The film is one of the most talked about documentaries in recent times and has won top awards in Toronto, Chicago, Los Angeles, Philadelphia and 8 other international festivals. It is 93 minutes long and is directed by Raoul Peck, who has been the Minister of Culture in his native country, Haiti.
Proving fact is stranger than fiction, the film has a history quite its own. In 1979, black American author James Baldwin wrote a letter to his literary agent, describing his next project, to be called ‘Remember This House’. The book was to be a revolutionary, personal account of the lives and successive assassinations of three of his close friends: Medgar Evers, Malcolm X and Martin Luther King, Jr.
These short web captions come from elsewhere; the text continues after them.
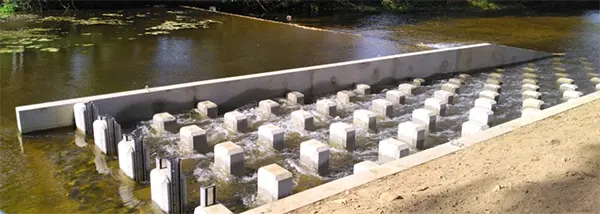 Vue d'une passe à poissons en escalier installée sur le Blavet à l'écluse de Quelennec à Languidic, permettant la migration des anguilles et poissons migrateurs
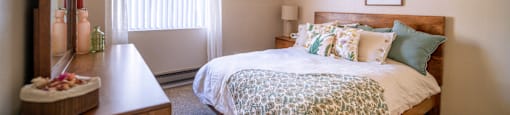 A bedroom with a bed, nightstand, and a window with blinds.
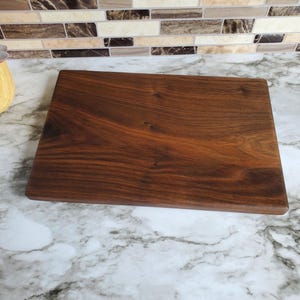 Op de afbeelding: Een rechthoekige, donkerbruine houten snijplank met zichtbare houtnerf. De plank wordt gepresenteerd op een marmeren aanrecht. De snijplank wordt waarschijnlijk gebruikt voor het bereiden en serveren van voedsel.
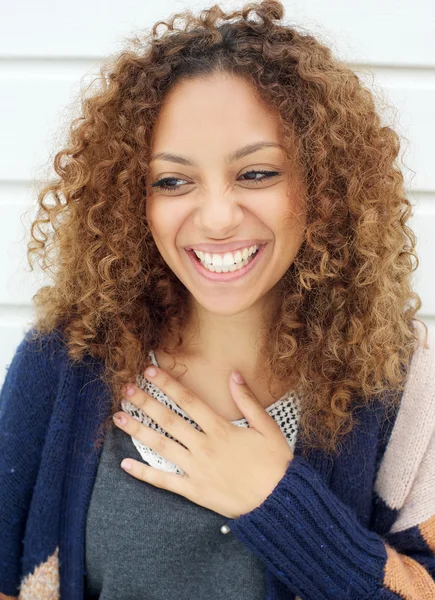 Portrait of a beautiful young woman with curly hair laughing — Stock Photo, Image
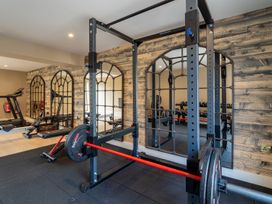 A gym with a power rack and treadmill at Bell House in Llanfechell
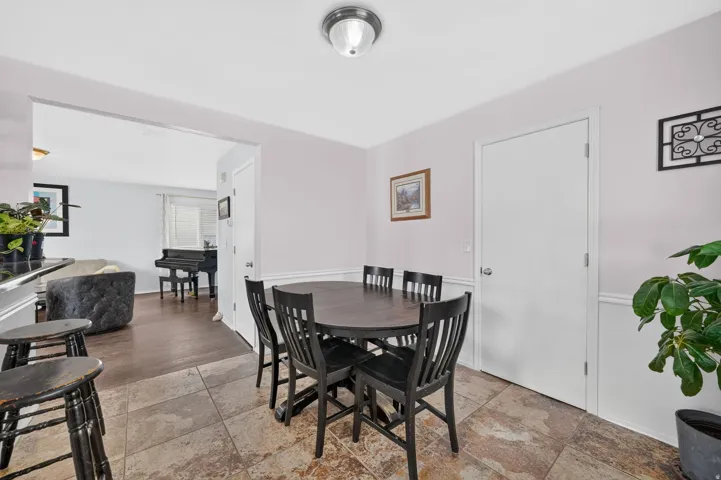 Dining area with neutral wall color, white wainscoting, and tile flooring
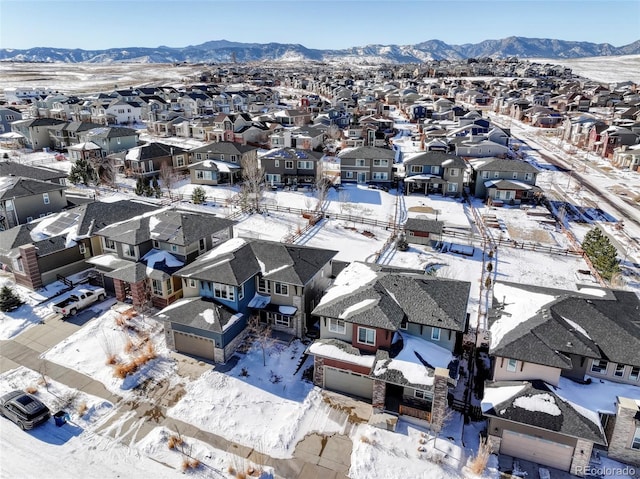 snowy aerial view with a mountain view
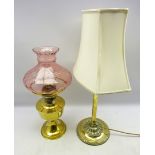 Early 20th century cast brass table lamp and shade, the cast iron base labelled Emeralite,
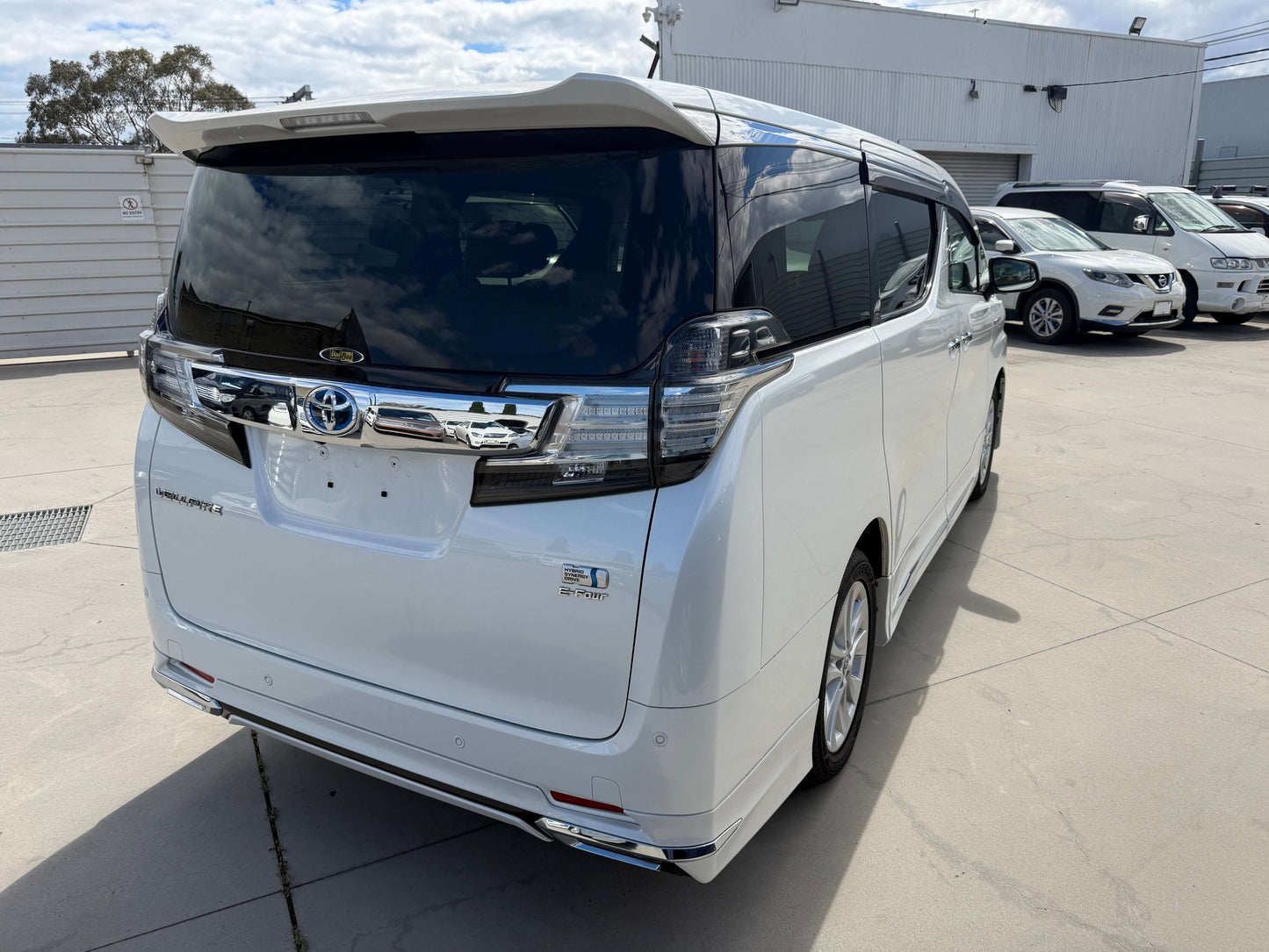 2015 Toyota Vellfire 2.5L e-Four Hybrid V-L Edition white luxury people mover rear view.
But at the time of Baldwin’s death, in 1987, he left behind only 30 completed pages of his manuscript. ‘I Am Not Your Negro’ envisions the book James Baldwin never finished, a radical narration about race in America, using the writer’s original words, as read by actor Samuel L. Jackson. Alongside a flood of rich archival material, the film draws upon Baldwin’s notes on the lives and assassinations of Medgar Evers, Malcolm X, and Martin Luther King Jr,. to explore and bring a fresh and radical perspective to the current racial narrative in America.
Raoul Peck’s body of work includes feature narrative films like The Man by the Shore (Competition Cannes 1993), Lumumba (Director’s Fortnight, Cannes 2000, bought and aired by HBO), Sometimes in April (HBO, Berlinale 2005), Moloch Tropical (Toronto 2009, Berlin 2010) and Murder in Pacot (Toronto 2014, Berlin 2015). His documentaries include Lumumba, Death of a Prophet (1990), Desounen (1994, BBC) and Fatal Assistance (Berlinale, Hot Docs 2013), which was supported by the Sundance Institute and Britdoc Foundation (UK) and broadcast on major TV channels (Canal+, ARTE, etc.)
His latest work is the feature ‘The Young Karl Marx’ (Le jeune Karl Marx), a European co-production, shot in Germany and Belgium, which was shown and highly appreciated at the Mumbai Film Festival (MAMI) and the International Film Festival of India (IFFI).